Ormai non lo si può più considerare una novità. Se la sua vittoria alla Cadel Evans Great Ocean Race aveva colto tutti di sorpresa, Laurence Pithie ha dimostrato nel prosieguo di questo avvio di 2024 che non era stata un caso. Al suo secondo anno nel circuito maggiore, sempre in forza alla Groupama-FDJ che pian piano gli ha fatto scalare anche le gerarchie interne, il ventunenne neozelandese è uno dei corridori più promettenti del panorama internazionale, soprattutto perché ha dalla sua la sfrontatezza della sua giovane età che lo porta a provare a emergere sempre, tipica espressione della nuova generazione ciclistica nata sull’onda delle imprese di Pogacar.

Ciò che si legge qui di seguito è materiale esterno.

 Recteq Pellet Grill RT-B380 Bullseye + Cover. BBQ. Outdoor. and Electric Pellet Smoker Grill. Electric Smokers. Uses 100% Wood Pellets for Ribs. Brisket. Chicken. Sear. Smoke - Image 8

Pithie non si è minimamente spaventato per i grandi impegni che lo attendevano e infatti alla Milano-Sanremo è rimasto nel vivo della corsa fin quasi alla fine, lo stesso dicasi per le prime classiche del Nord, anche se il Fiandre alla fine lo ha relegato in un’anonima 39esima piazza. Ma il calendario gli dà subito l’occasione per rifarsi, nel tempio di Roubaix.
Che cosa ti ha spinto a fare ciclismo su strada? In Nuova Zelanda i successi maggiori sono arrivati dalla pista…

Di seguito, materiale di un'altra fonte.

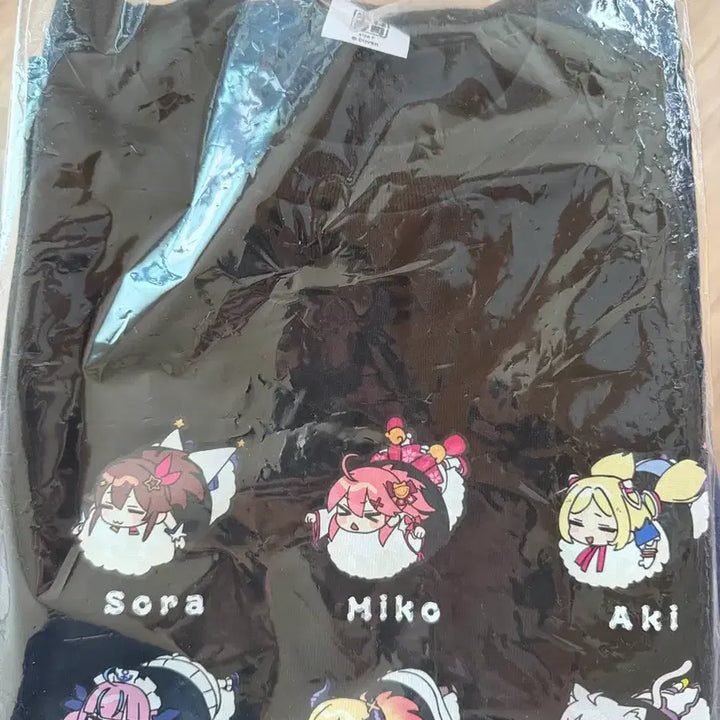 [BUNJANG] Hololive Holosushi Goods Series T-Shirt Black Ver. Vol. 1 / 홀로라이브 홀로스시 굿즈 시리즈 티셔츠 black ver.vol.1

Inizialmente ho corso anche su pista, mi piaceva molto. Ho avuto dei buoni risultati e proprio grazie ai miei riscontri sono entrato nel Willebrord Wil Vooruit Juniors, un importante team olandese. La mia ambizione era correre su strada, la pista è stata una buona ispirazione. D’altronde non credo sia possibile avere una carriera lunga e buona su entrambi i fronti: se vuoi emergere in Europa è la strada che ti dà un futuro. Se correvo su pista sarei rimasto in Nuova Zelanda. Per me il ciclismo su strada e il Tour de France sono l’espressione massima di quello che faccio. Ciò che mi ha davvero ispirato per essere un professionista. La pista è stata una bella parentesi.
Come sono stati i primi mesi alla Groupama, è stato difficile per te che venivi da un altro mondo?

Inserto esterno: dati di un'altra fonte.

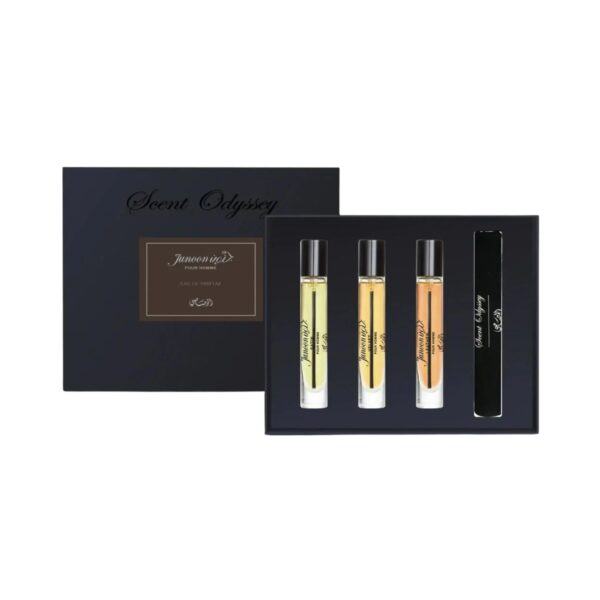 Rasasi Scent Odyssey Junoon Eau de Parfum for Men – 3 piece gift set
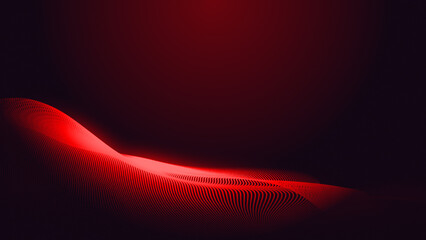 Abstract dot red purple gradient wave texture technology background.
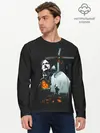 Мужской лонгслив базовый / Death Stranding (P007_P004ooo1966593, P004ooo1966593)
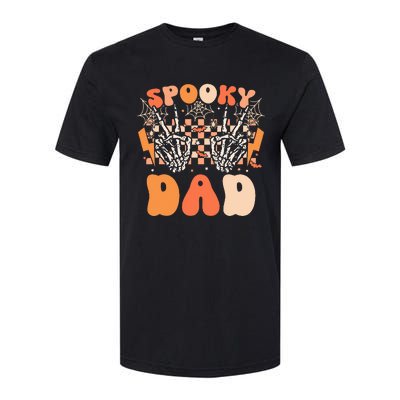 Spooky Dad Halloween Skeleton Costume Retro Groovy Softstyle CVC T-Shirt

Sì, non posso negarlo. Venendo dall’altra parte del mondo era super, ma anche complicato, per me e Reuben (Thompson, ndr). Confrontarsi non solo con le gare, ma con la cultura e l’ambiente, una lingua diversa, soprattutto per me che ho avuto alcune cadute all’inizio del 2023 che hanno reso tutto più difficile. Ma il team è stato di grande supporto, mi aiuta a integrarmi. La cultura francese e il vivere in Europa, lontano da casa, sono cose alle quali mi sono andato abituando. Ricordo che il primo mese mi sentivo sotto un rullo compressore, con un sacco di alti e bassi nell’umore, ma è parte del passato.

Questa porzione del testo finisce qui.